Small factors
 

I was looking at Primenet results for cleared exponents. As I looked at the largest factors found (size 103 bits), I was surprised that regularly, these factors were not prime but contained very small factors. I thought that all exponents available were at least trialfactored upto a certain level. So how can it be that factors like 23 (for exponent 36773851) were missed ? Or are some people just assigning themselves exponents without bothering to check whether they are trialfactored ? I guess I am missing something but would appreciate a clarification.

:cat: :newcat:

[QUOTE=Kees;91573]I was looking at Primenet results for cleared exponents. As I looked at the largest factors found (size 103 bits), I was surprised that regularly, these factors were not prime but contained very small factors. I thought that all exponents available were at least trialfactored upto a certain level. So how can it be that factors like 23 (for exponent 36773851) were missed ? Or are some people just assigning themselves exponents without bothering to check whether they are trialfactored ? I guess I am missing something but would appreciate a clarification.
[/QUOTE]

The primenet report truncates the really long factors.

and I suppose it also truncates the "bit"-length ? The factor I am talking about is indicated as

103 9075527700594867141608327604401

taking the log clearly indicates that 103 is the correct bitlength of this number,
so how can it be truncated (which I understand as being chopped at a certain point in the sequence) ?
The above number has the factorisation
23*239*6709*55313*163861*27150982078609

where the first five factors are all smaller than 2^18

:cat: :newcat:

[QUOTE=Kees;91581]and I suppose it also truncates the "bit"-length ? [/QUOTE]

Apparently so :sad:

Here are a bunch of factors truncated in the report to 31 digits.
[code]
32492333 103 F 8316861747465793506084499558121 09-Nov-06 19:21 cathas CE8CFA671
36411527 103 F 7263852526156696381869159290527 11-Nov-06 22:30 blackguard carbon
36773851 103 F 9075527700594867141608327604401 14-Nov-06 17:53 S517661 C7F0535E6
36534737 101 F 3109119109442520160313833481551 11-Nov-06 13:06 S152209 CFC460636
36626063 101 F 1875630778194861452245225486337 01-Nov-06 09:11 abienvenu betaweb1
36627907 100 F 1746551189471568749237051498287 03-Nov-06 20:11 mnrcrl42 silvia
[/code]

What happens is sometimes P-1 finds two factors in a single run and reports it as a huge composite.

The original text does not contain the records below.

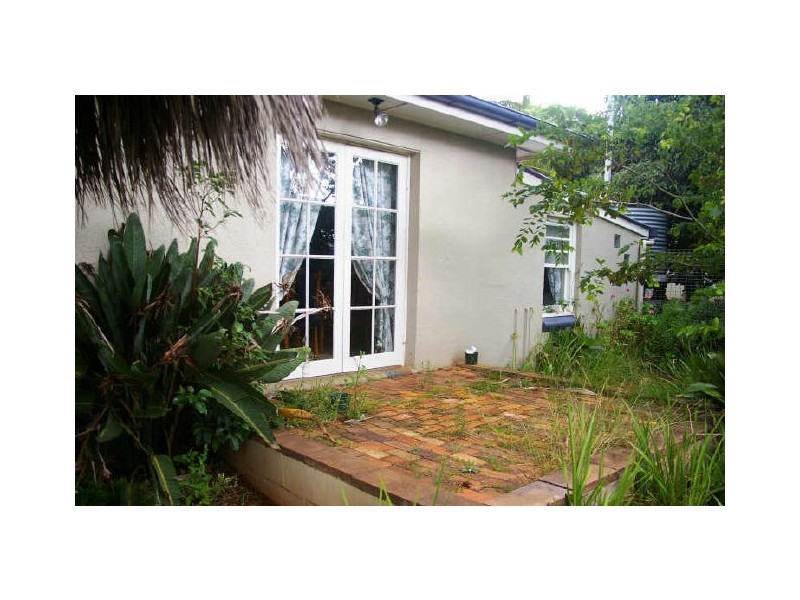 23 Holberton Street, Rockville QLD 4350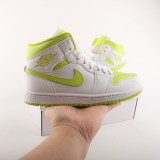 Womens AJ 1 Retro High BQ6472 131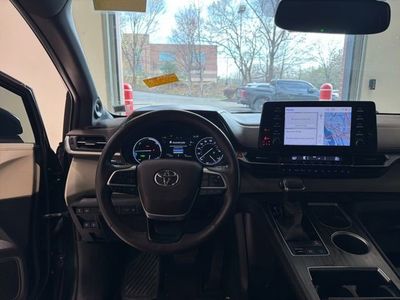 2023 Toyota Sienna Platinum - Photo 17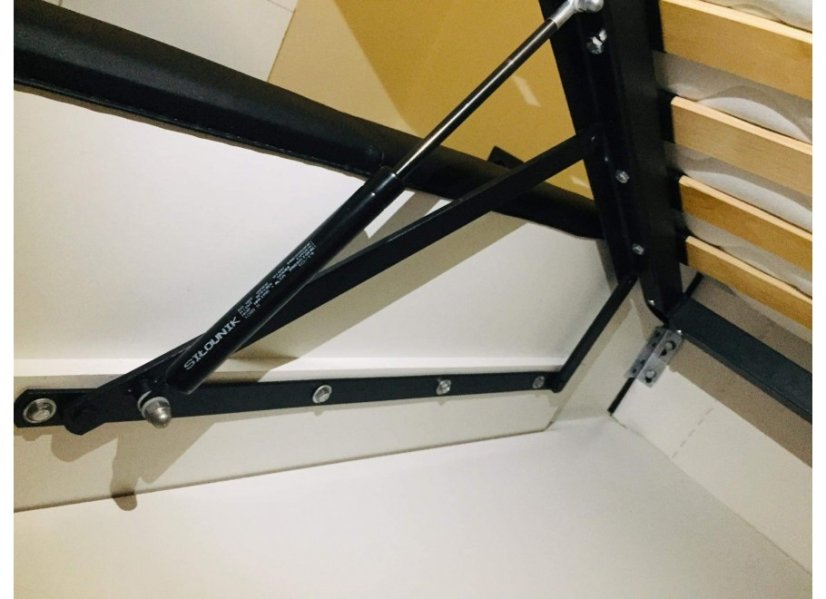 Exkluzívna čalúnená posteľ s prešívaním na čele tmavomodrej farby 180 x 200 cm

The report truncates them, but the DB has the actual value. So I guess you could ask George to give you the real values:wink:

PS:- The truncated factors are clearly not valid, since a factor of 2^p-1 must be of the form 2kp+1. So the smallest possible factor is 2p+1. If you see anything smaller, obviously it is not correct.

Well three of them are valid :smile:
[code]
8316861747465793506084499558121 = 37 * 1097101 * 204885463807621385719433
7263852526156696381869159290527 = 7263852526156696381869159290527
9075527700594867141608327604401 = 23 * 239 * 6709 * 55313 * 163861 * 27150982078609
3109119109442520160313833481551 = 127 * 919 * 26639012872966337600043127
1875630778194861452245225486337 = 1875630778194861452245225486337
1746551189471568749237051498287 = 1746551189471568749237051498287
[/code]

If you need to get full factors, you can try guessing the last one or two digits and test if it is the real factor -- only 50 odd numbers to try. This is simple with help of a little program (no, I don't have such a program).

Three of them are in the latest factor.cmp, and their (prime!) factors are:
[CODE]32492333,38316861747465793506084499558121
36626063,1875630778194861452245225486337
36627907,1746551189471568749237051498287[/CODE]The report truncates the first digit/s.